In the past, when the federal government has increased or reduced defense spending, the effect tends to show up first in the aftermarket, or replacement parts, for aircraft, he said. Those parts ensure that planes already built and in the military's fleet can be maintained and are available to fly.
"So if they started to say, 'We've got to get the F-18 [jets] fleet flying, we've got to get more V-22 [Ospreys] available to fly,' we could see a pickup in our aftermarkets as we go through the year.," Scannell said. "The bigger, longer-term [original equipment manufacturer] programs, that typically takes a little longer to ramp up."
Moog isn't basing its financial outlook on the potential for higher defense spending, "but it could be an upside," Scannell said.
In fact, Moog on Friday maintained the same full-year earnings outlook it provided three months ago, projecting sales of $2.62 billion and earnings per share of $4.10. Moog's fiscal year ends Sept. 30.
The company reported only a $1.3 million profit in its fiscal first quarter, due to a one-time big tax hit. Its sales rose 6 percent, to $628 million. Excluding the tax hit, though, Moog's profits were 93 cents per share - five cents better than analysts were expecting.
"We're off to a good start, we're a little bit ahead of what we said, but for the fiscal year we're keeping our guidance unchanged," Scannell said. "But I would say we're feeling more confident about it than we were three months ago.

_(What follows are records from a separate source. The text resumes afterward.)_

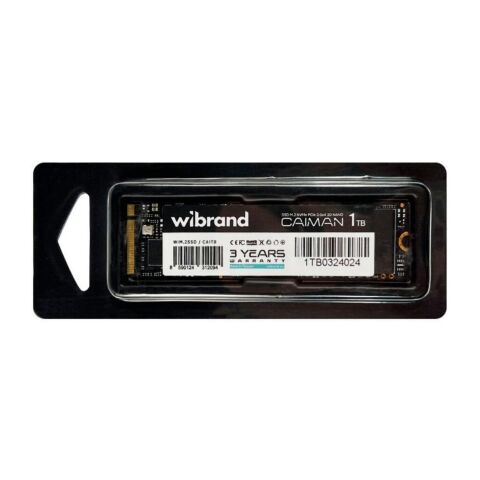 Накопитель SSD M.2 2280 1TB Caiman Wibrand (WIM.2SSD/CA1TB) - Нулевой остаток (Feed) - Нулевой остаток (Feed)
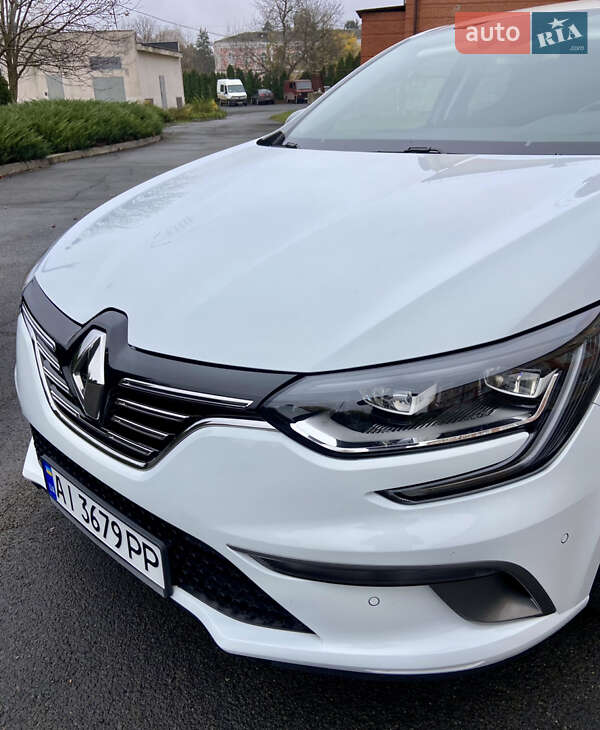 Хэтчбек Renault Megane 2017 в Умани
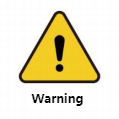 warning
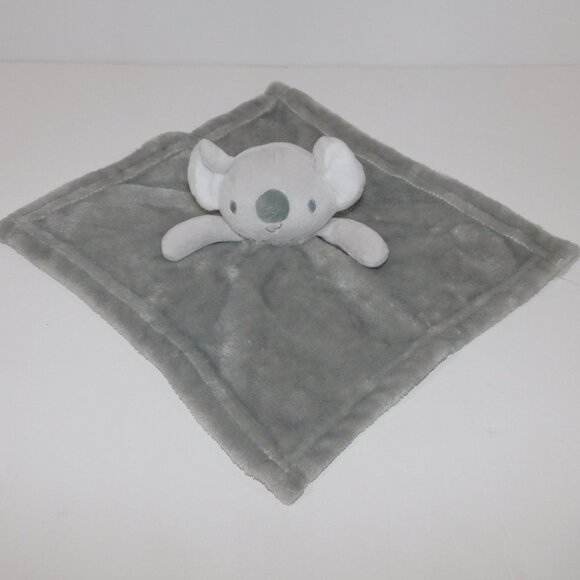 Nemcor Babys First Gray Koala Bear Plush Security blanket Baby Lovey nunu - Picture 1 of 6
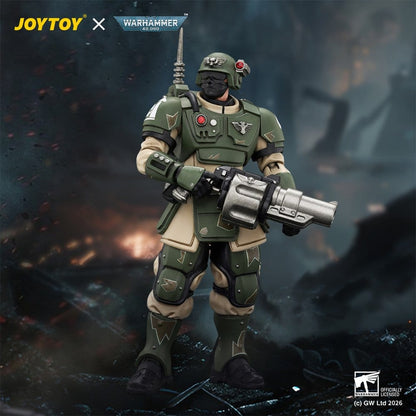 Warhammer Actionfigur Astra Militarum Kasrkin 5 with Grenade Launcher Image 7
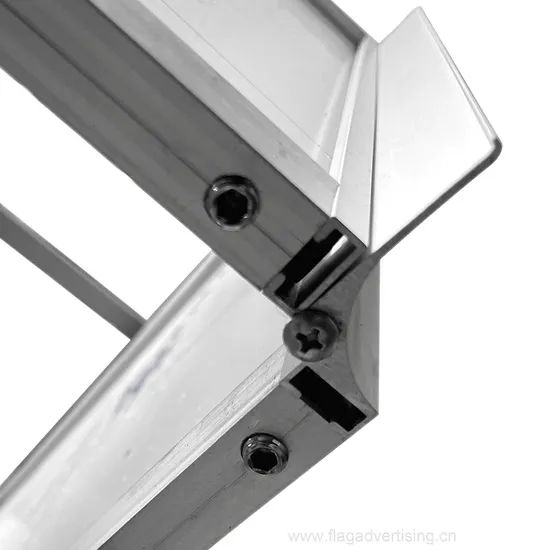 Foldable Magazine Brochure Display Rack Stand for Office Exhibition Trade Show - Image 5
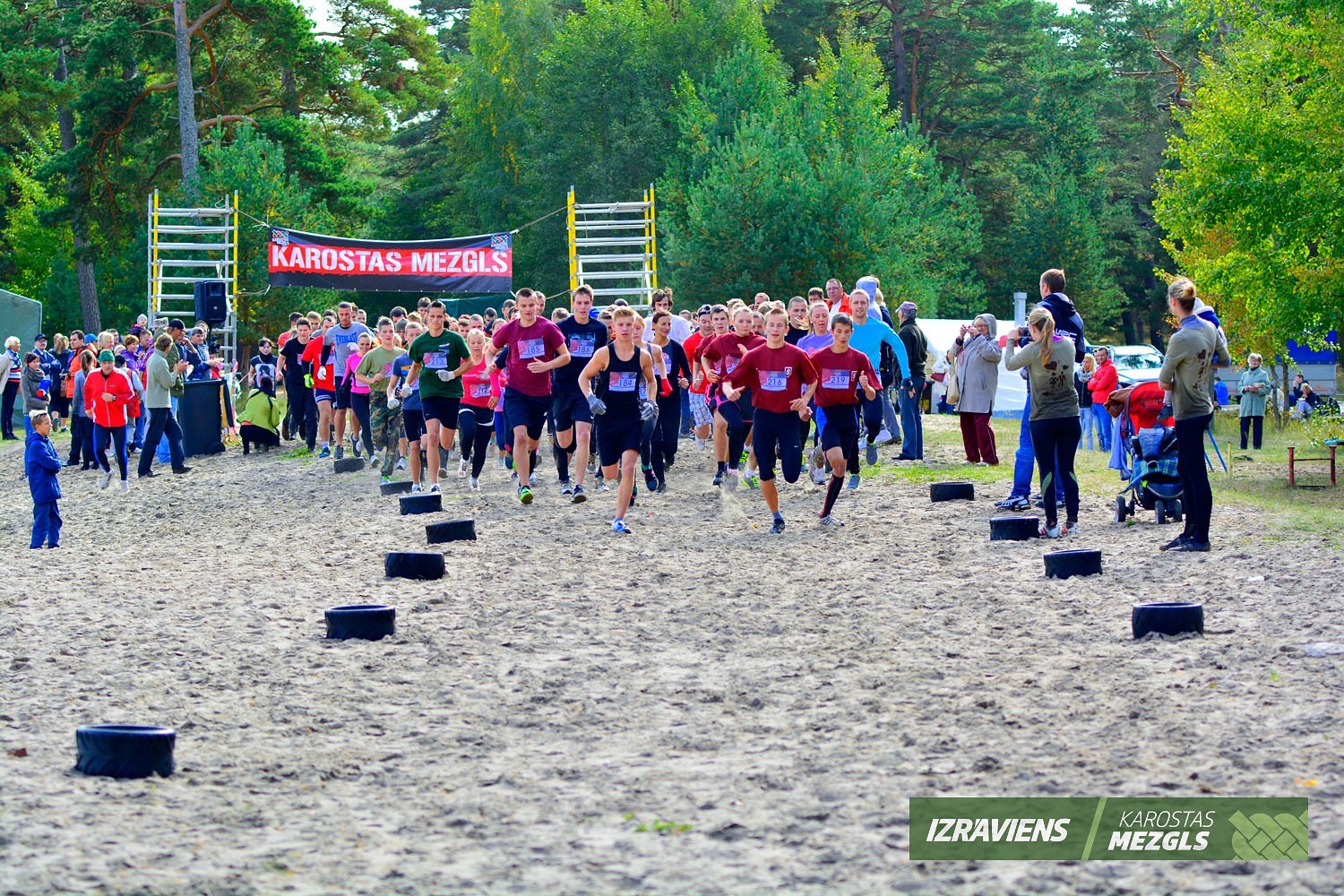 Izaicinājumu alkstošie sporta entuziasti pulcēsies “Karostas mezglā”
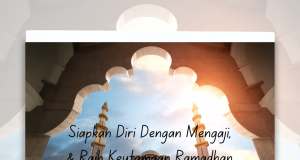 Siapkan Diri Dengan Mengaji, Raih Keutamaan Bulan Ramadhan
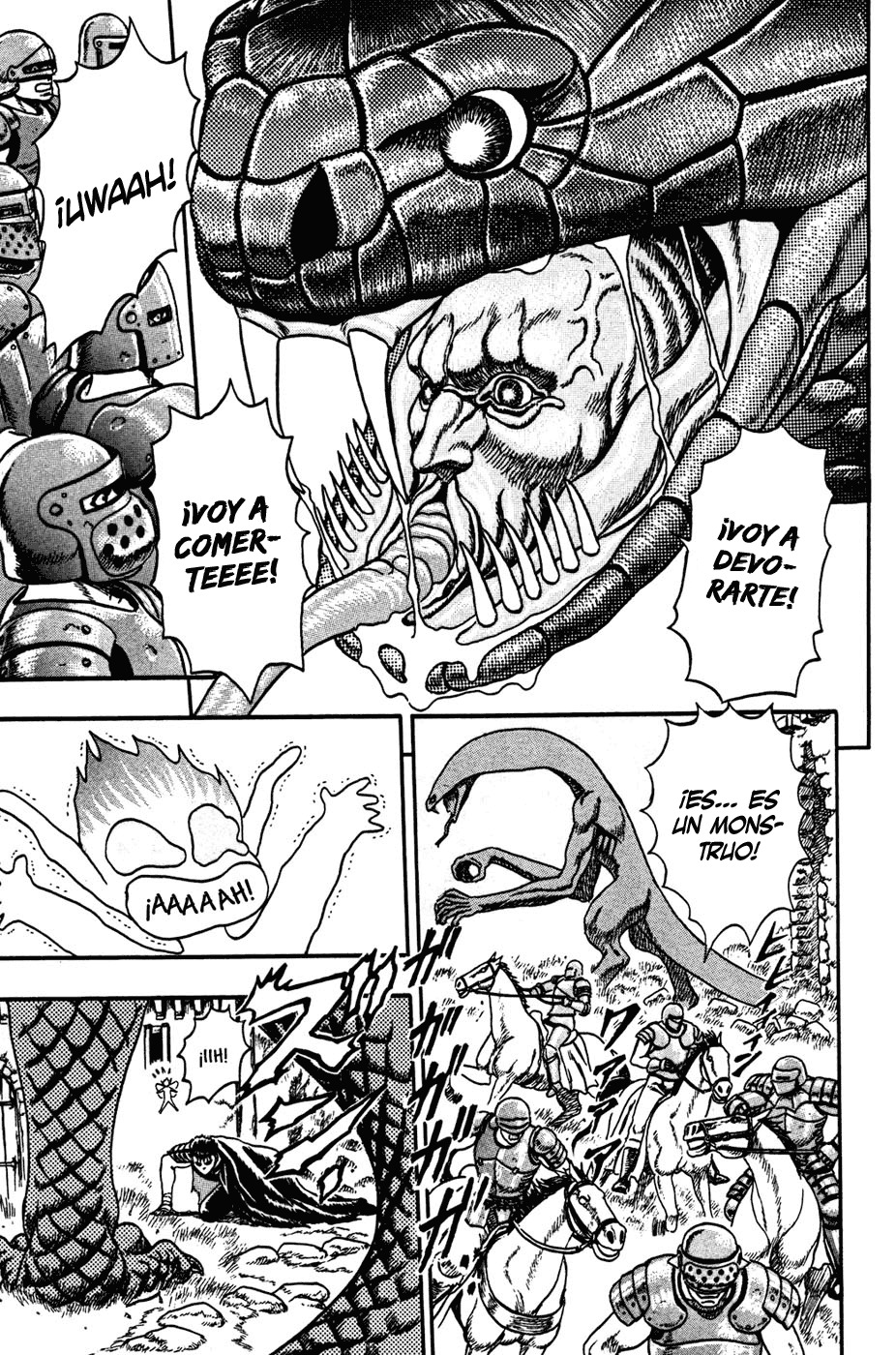 Read Berserk ES Manga Online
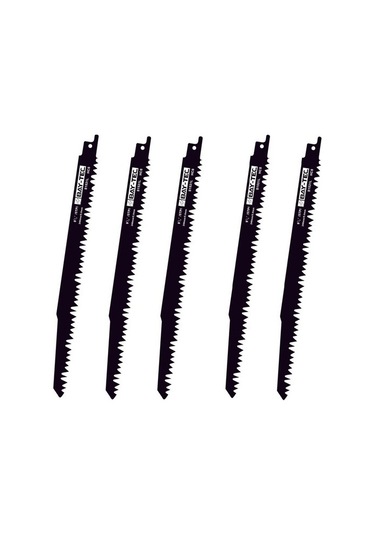 Bay-Tec Ağaç Kemik Tilki Kuyruğu Testere Bıçağı 240 x 5.0 MM 5 Adet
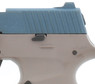 Ceonic P250 Blank Firing 9mm Pistol in Tan and Blue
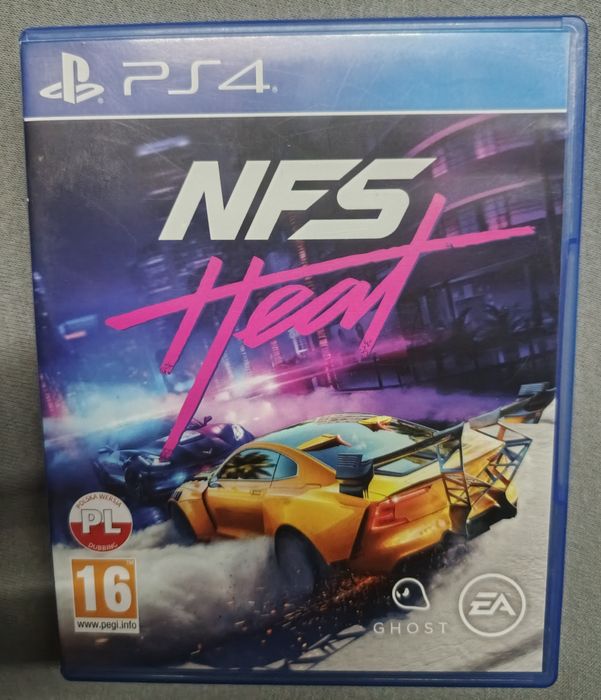 Need for speed heat na ps4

"If you compare the general sentiment versus 12 months ago, we're much more confident, I think, in the longer-term outlook for the business," he said.
At the same time, Moog doesn't want to "overpromise," Scannell said.
"There's always pluses and minuses," he said. "In every business, you've got a big portfolio of different markets. There's always ones that are a little bit of a challenge. You can have surprises here and there, so we don't want to get ahead of ourselves too quickly."